Alum returns to recruit for Thailand trip

Jivasantikarn
Jivasantikarn

By Brooks Whitehurst
Reporter

For students looking for the next step after graduation, a year in Southeast Asia is one option.

A Baylor alumnus, Dr. Nirund Jivasantikarn, will hold an information session for seniors interested in a year-long teaching program in Thailand at 3 p.m. today in Cashion Academic Center.

The session will inform students about a program by Teach Thailand Corps, in which American college graduates work with Thai K-12 students in local Thai school.

“We’ll be telling them about the opportunity of gaining international experience and serving,” Jivasantikarn said. “It’s a year of giving, and incubation for graduates’ future careers.”

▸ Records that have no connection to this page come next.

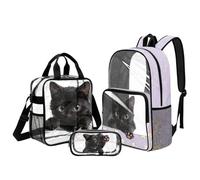 Belidome Süßes Mädchen-Schulranzen und Lunchbox-Set: transparenter Rucksack, 43,2 cm, großes Fassungsvermögen, für Grundschule, schwarze katze, L, Casual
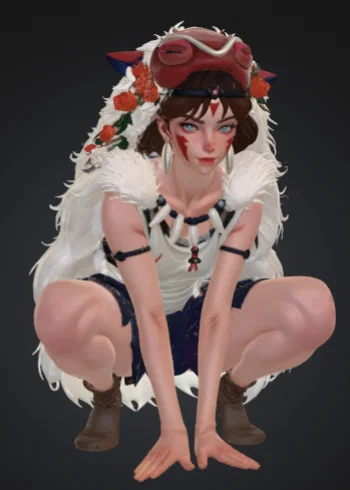 Mô hình 3D công chúa Mononoke (San) sắc nét cho người yêu Anime - Image 5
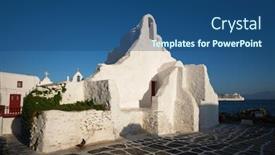  Presentation with orthodox - Cool new PPT layouts with famous-tourist-landmark-of-greece backdrop and a ocean colored foreground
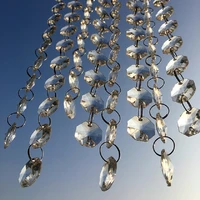 5m 100m 14mm octagon beads with metal chandelier lighting hooks crystal chain garland for transparent crystal beads curtain
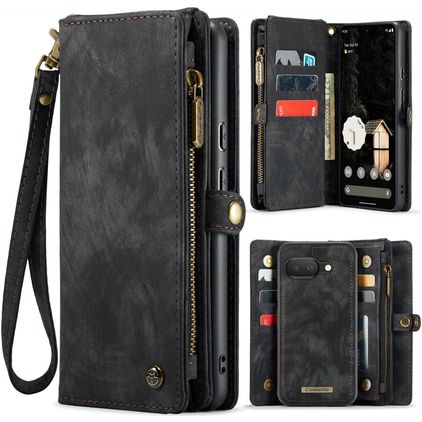 CaseMe 008 Housse Google Pixel 9a Etui avec Coque Détachable Porte-Monnaie - Noir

Jivasantikarn said Teach Thailand Corps does not limit itself to education or English majors. The program directors look to recruit students from all majors.

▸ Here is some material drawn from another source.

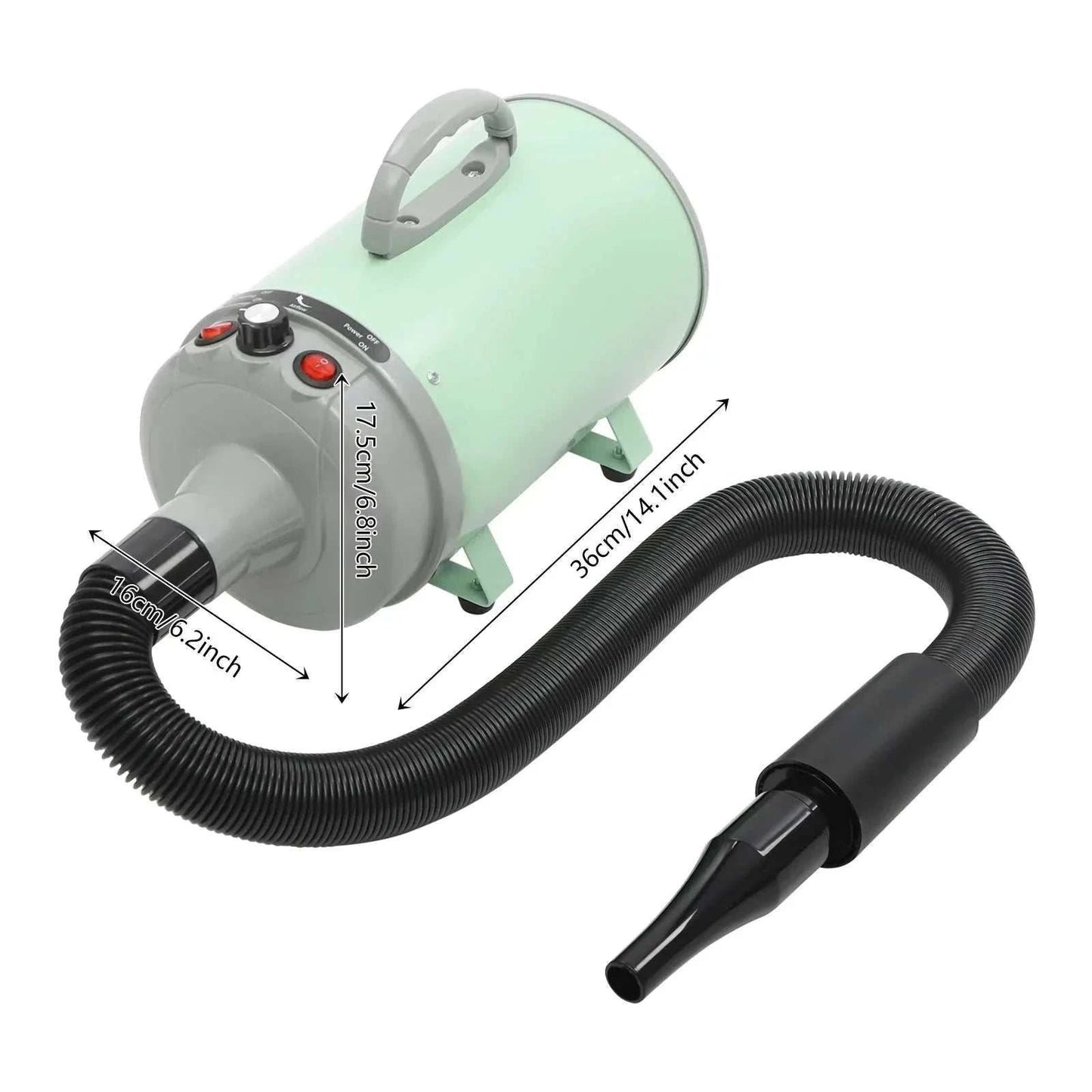 Professional 2200W pet hair dryer with four nozzle attachments and adjustable heat settings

“There are tremendous visible impacts that American teaching has on Thai students,” Jivasantikarn said. “Americans are authorities on English, and learning it improves the quality of life for Thai students.”

Jivasantikarn graduated from Baylor with a bachelor of science in biology in 1970, his doctorate in education in 1981, and went on to found Yonok University in Lampang, Thailand, in 1988, where he was president for 18 years.

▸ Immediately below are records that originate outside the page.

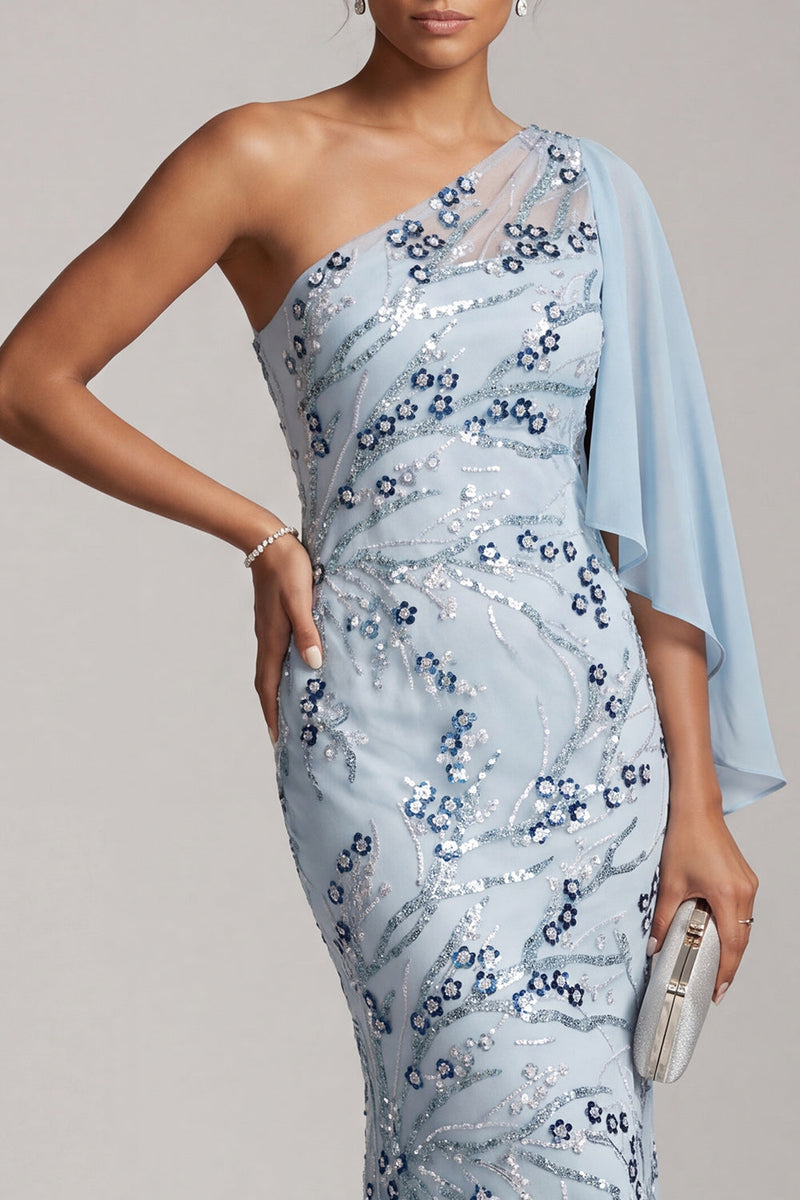 Load image into Gallery viewer, Sky Blue One Shoulder Floral Mermaid Long Mother of the Bride Dress with Side Cape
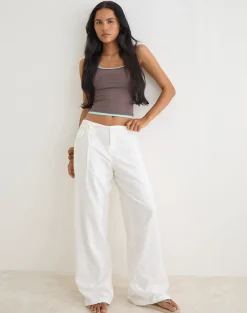 Curisa Trouser with Side Tie in Ivory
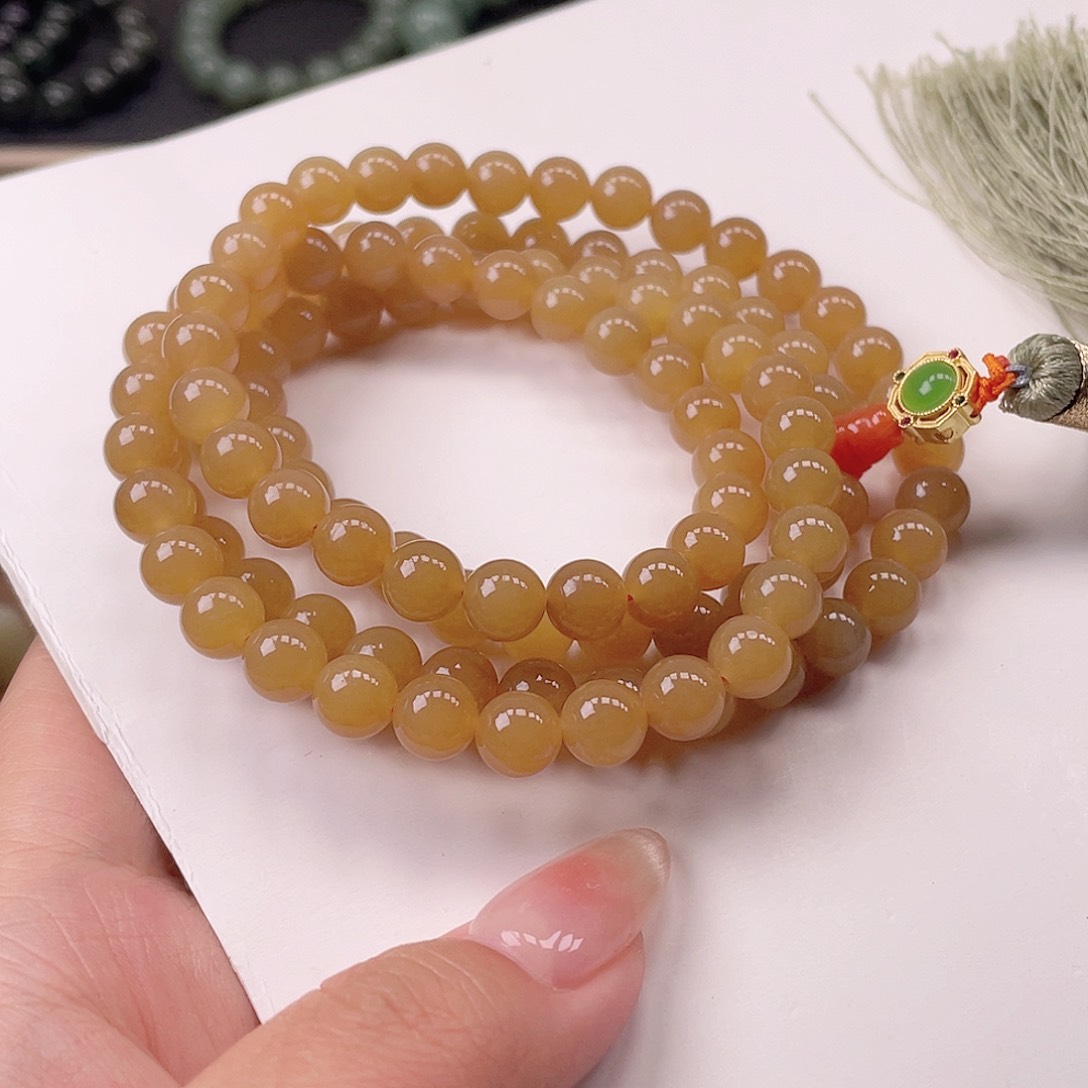 未镶嵌和田玉手链8.0 108 全糖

The same year he started the university, Jivasantikarn began recruiting Baylor graduates to teach freshman English at Yonok University.

“I had a vision of starting a university with the help of Baylor,” Jivasantikarn said, who added that former Baylor president Herbert Reynolds supported him through the process and was present at the school’s inauguration.

Jivasantikarn said the students who graduated from Yonok who had been taught by Baylor graduates had a great command of English, which made it much easier for them to get jobs after graduation.

Jivasantikarn is the chair of the American Thai foundation, which established the Teach Thailand Corps to help strengthen primary and secondary education in Thailand in high-need areas.

Dr. Gayle Avant, secretary of the American Thai Foundation, said the impact that college grads have on the Thai students’ ability to learn English is immense.

“Imagine if you were trying to learn French,” he said. “How beneficial would it be to actually have someone there who you could actually speak French with you?”

Avant taught political science at Baylor for 39 years, and said he has known Jivasantikarn since he was a graduate student.

He said the program not only gives students the opportunity to serve others, but it also helps students develop themselves as well.

“For a new American college graduate, teaching and being directly involved with the people of that country is an immensely broadening experience,” he said. “The student becomes familiar with the culture, but they very quickly understand that we share so much in common with the Thai people.”